M. Dumortier a fait une autre objection. Il a dit que les tribunaux décideraient en cas de contradiction entre les règlements généraux et les arrêtés des communes. Il est vrai, l’article 107 de la constitution reconnaît cette intervention. Mais il me paraît qu’il est toujours désirable d’éviter de semblables conflits. Je citerai pour exemple le fameux règlement sur les distilleries porté par la régence de Gand, nonobstant l’attribution accordée aux tribunaux par l’article 107 de la constitution, cet arrêté subsiste, et on a été réduit à le signaler jusque dans cette enceinte.
Je persiste à croire qu’il faut consacrer les mêmes expressions dans la loi communale et dans la loi provinciale, comme l’a fait observer M. le ministre. Toute différence d’expressions dans des dispositions concordantes donnera infailliblement lieu à des doutes et peut-être à des embarras inextricables.

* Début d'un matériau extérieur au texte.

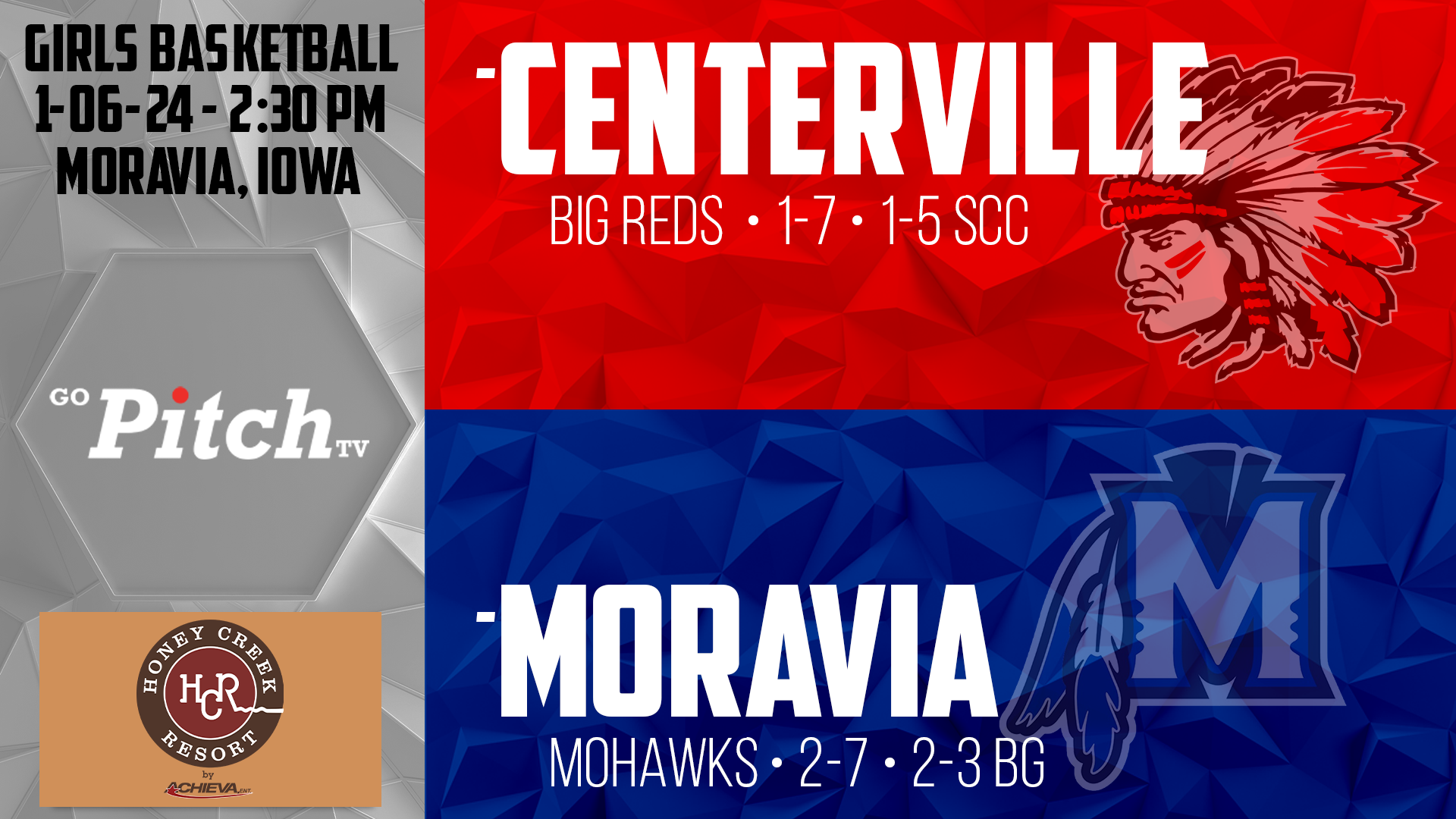 Centerville Girls Basketball @ Moravia 1-6-24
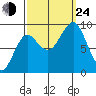 Port Alexander tide chart for Tuesday, September 24, 2024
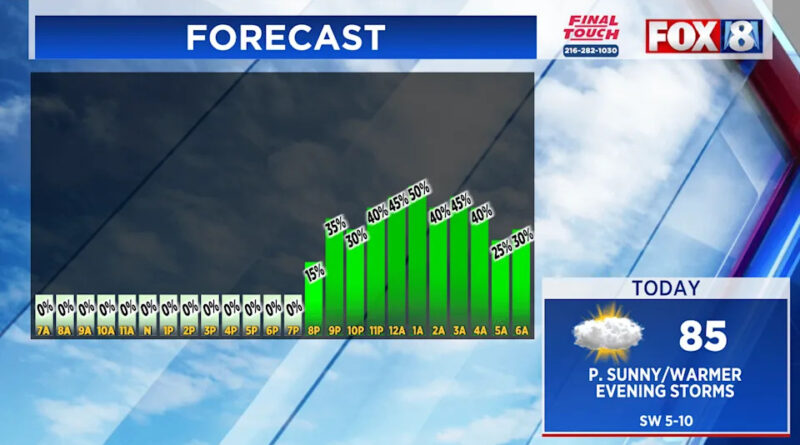 TRACKING: Potential for strong evening storms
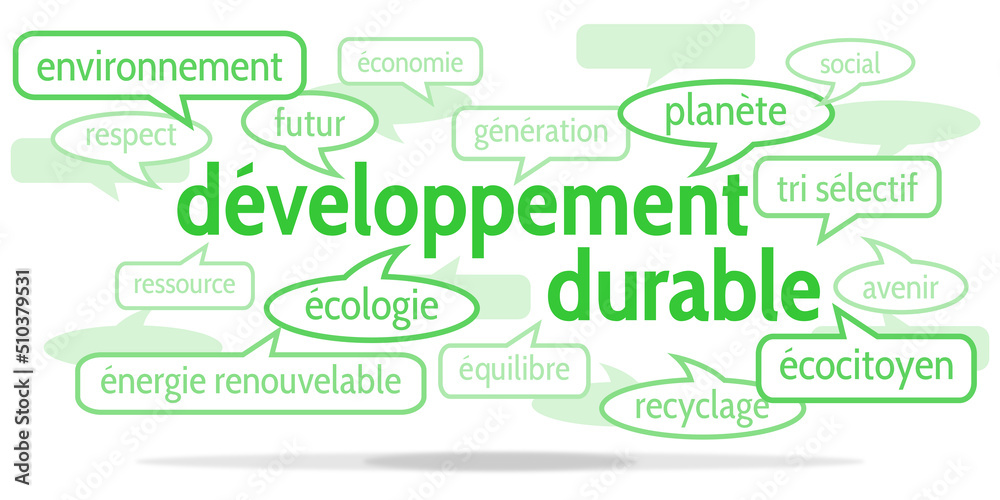 Nuage de Mots Développement Durable v10 Nuage de Mots Développement Durable v10
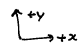 diagram of positive x, y coordinates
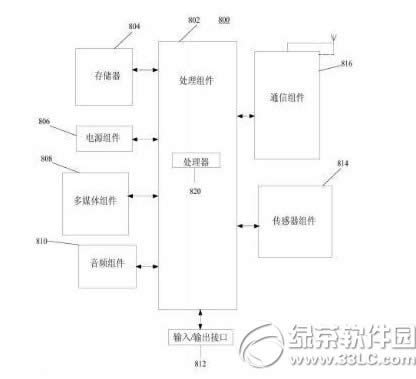 小米4指纹识别怎样设置？小米4指纹识别设置办法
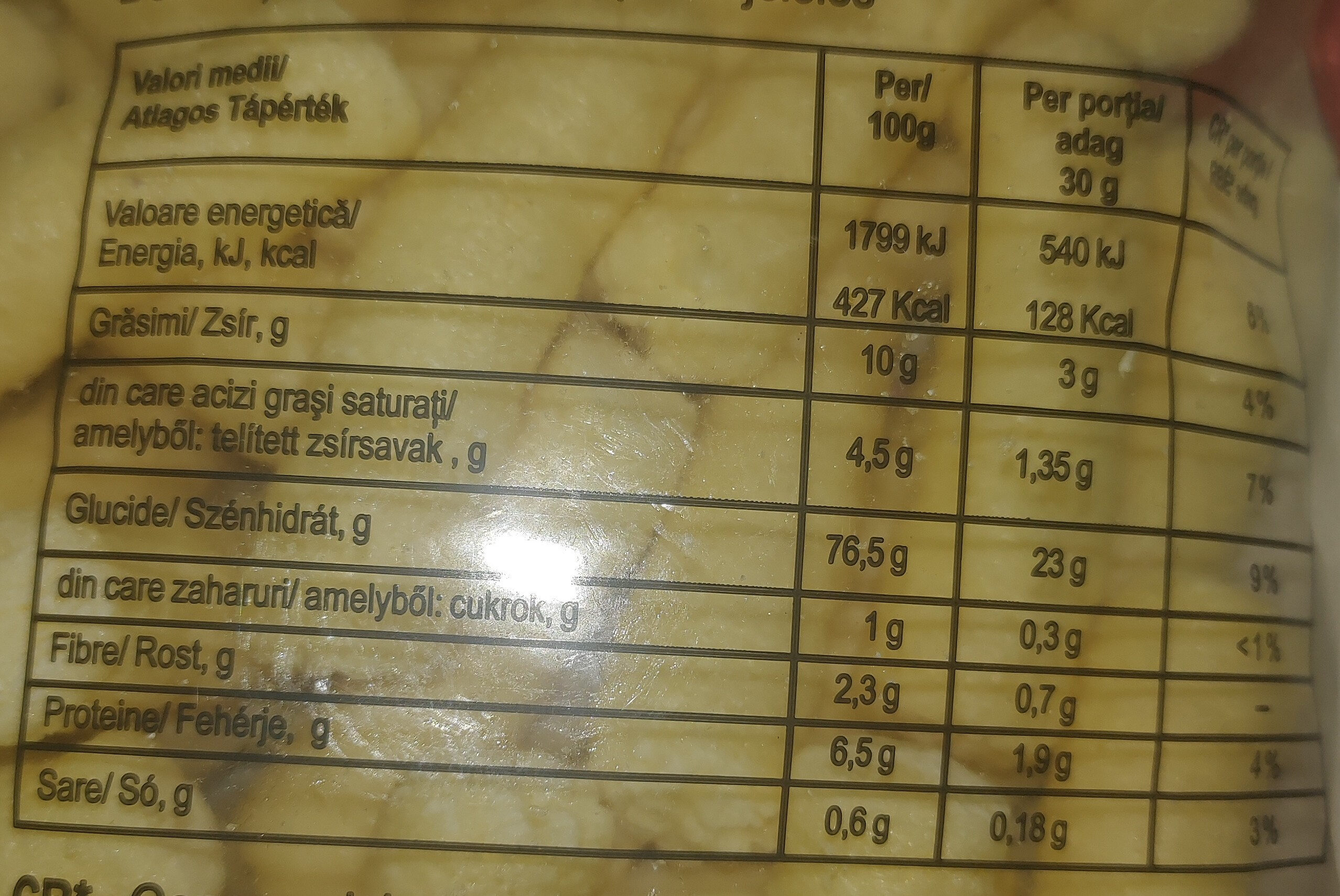 Pufuleți - Nutrition facts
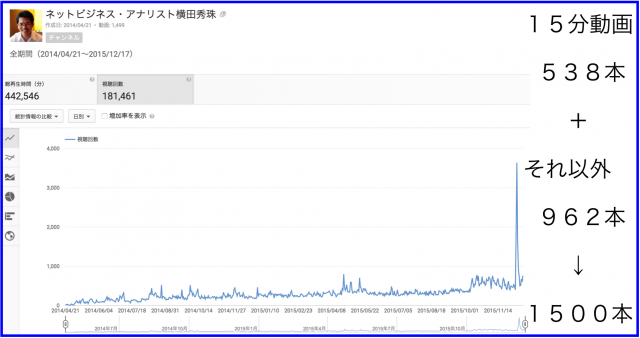 2015年11月のハウツー&レビュー無料YouTube動画30本
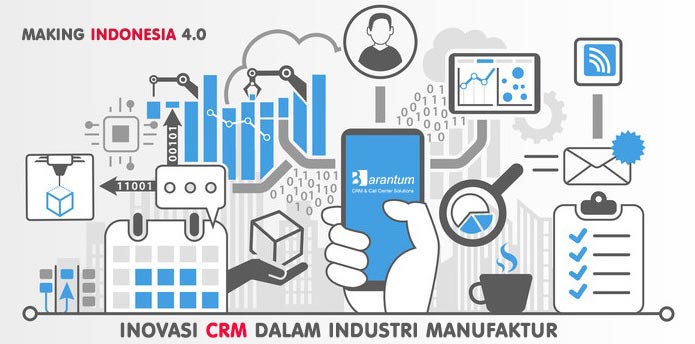 inovasi industri manufaktur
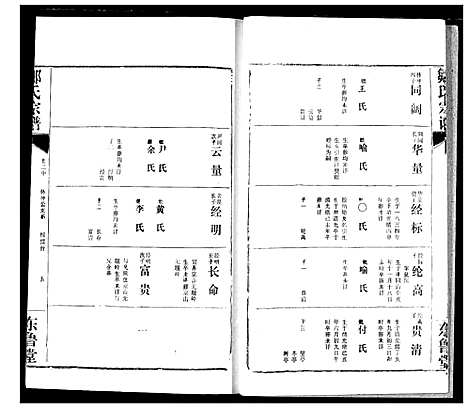 [邹]邹氏宗谱 (湖北) 邹氏家谱_四.pdf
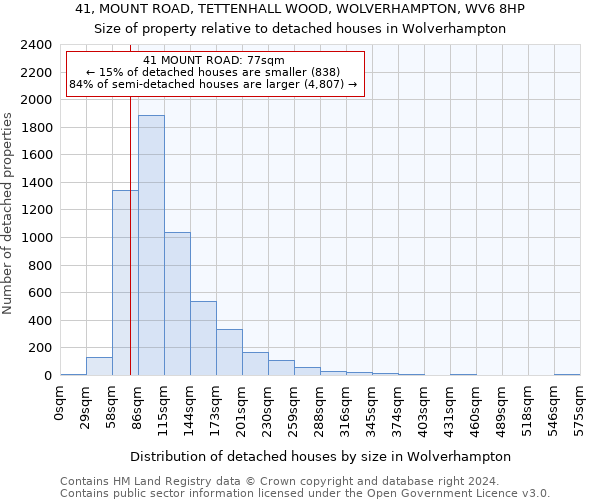 41, MOUNT ROAD, TETTENHALL WOOD, WOLVERHAMPTON, WV6 8HP: Size of property relative to detached houses in Wolverhampton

M. Fallon. - Si le paragraphe proposé par la section centrale n’était qu’inutile, je ne prendrais pas la parole pour appuyer la proposition faite par l’honorable M. de Brouckere de le supprimer. Ce paragraphe peut donner lieu à de très graves inconvénients en tant qu’il est donné à des juges de paix de décider en matière de police. Il est indispensable que les juges puissent parfaitement comprendre la loi. D’après les explications données par M. le ministre de l’intérieur, il résulte que les communes ne pourront statuer sur le même fait que l’administration provinciale. C’est une grave erreur.
Je suppose qu’un règlement d’administration provinciale déclare que les cabarets seront fermés, dans toutes les communes, à 10 heures du soir, par exemple. Je demande si, par suite de cette disposition, un conseil de régence ne pourra porter dans son règlement que les cabarets seront fermés à huit heures du soir. Il me semble que le règlement de l’administration provinciale ne peut s’opposer à une pareille disposition. Pourtant, dans le cas que je cite, l’administration communale aura statué sur les mêmes faits que l’administration provinciale.
Le règlement municipal devra rester debout. Vous voyez l’inconvénient que présente la rédaction du paragraphe tel qu’il vous est proposé. Je crois donc qu’il vaudrait mieux le retrancher tout à fait.
On a objecté qu’une pareille disposition avait été prise dans la loi d’organisation provinciale. Cela et vrai. Mais il ne me semble pas que cette considération doive arrêter la chambre, parce que les règlements d’intérêt communal n’embrasseront jamais, comme les règlements provinciaux, des objets ressortissant de l’administration générale.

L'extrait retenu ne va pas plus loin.